DATASET ENTRIES
☆ ☆ ☆

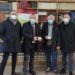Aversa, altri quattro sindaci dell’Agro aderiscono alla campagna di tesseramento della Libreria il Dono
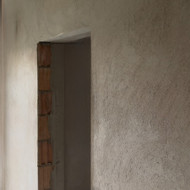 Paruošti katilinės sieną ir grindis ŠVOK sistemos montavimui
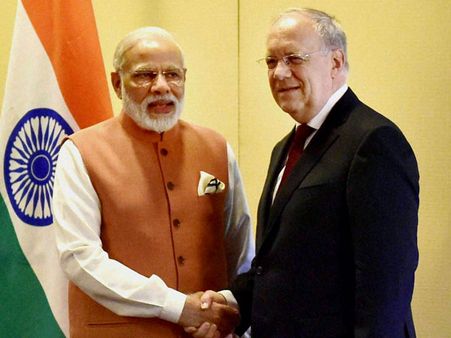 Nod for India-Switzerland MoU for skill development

☆ ☆ ☆

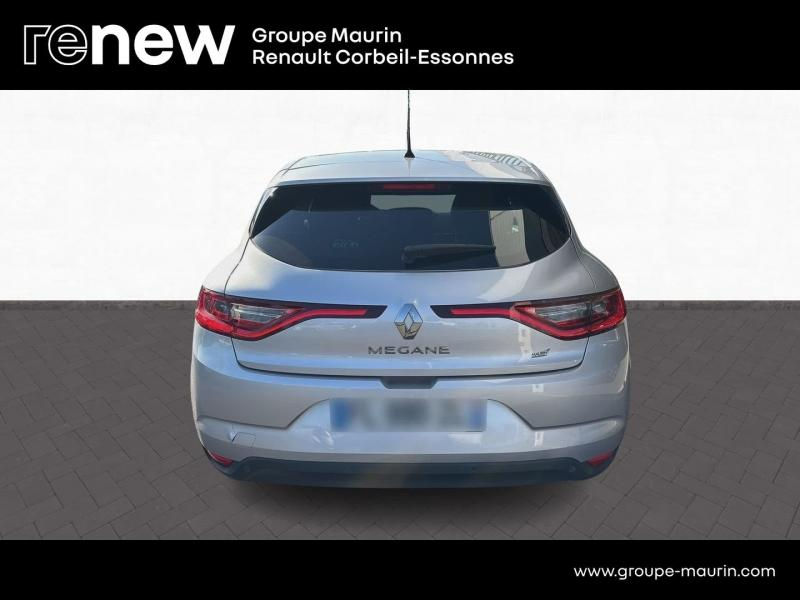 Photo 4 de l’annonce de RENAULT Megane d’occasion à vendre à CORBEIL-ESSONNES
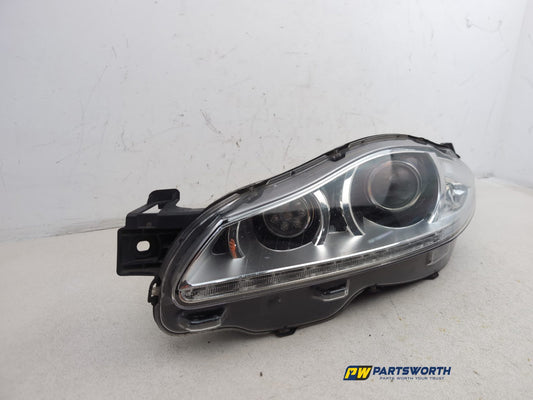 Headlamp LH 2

☆ ☆ ☆

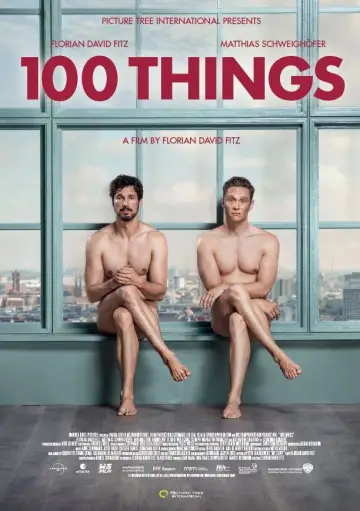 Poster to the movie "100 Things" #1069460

☆ ☆ ☆

WORK REQUIRED
In the entries above, which lines run from the one with "Aversa, altri quattro" up to and including the one with "Nod for India-Switzerland"? Write them out exactly, without the pictures.

YOUR SOLUTION
Aversa, altri quattro sindaci dell’Agro aderiscono alla campagna di tesseramento della Libreria il Dono
 Paruošti katilinės sieną ir grindis ŠVOK sistemos montavimui
 Nod for India-Switzerland MoU for skill development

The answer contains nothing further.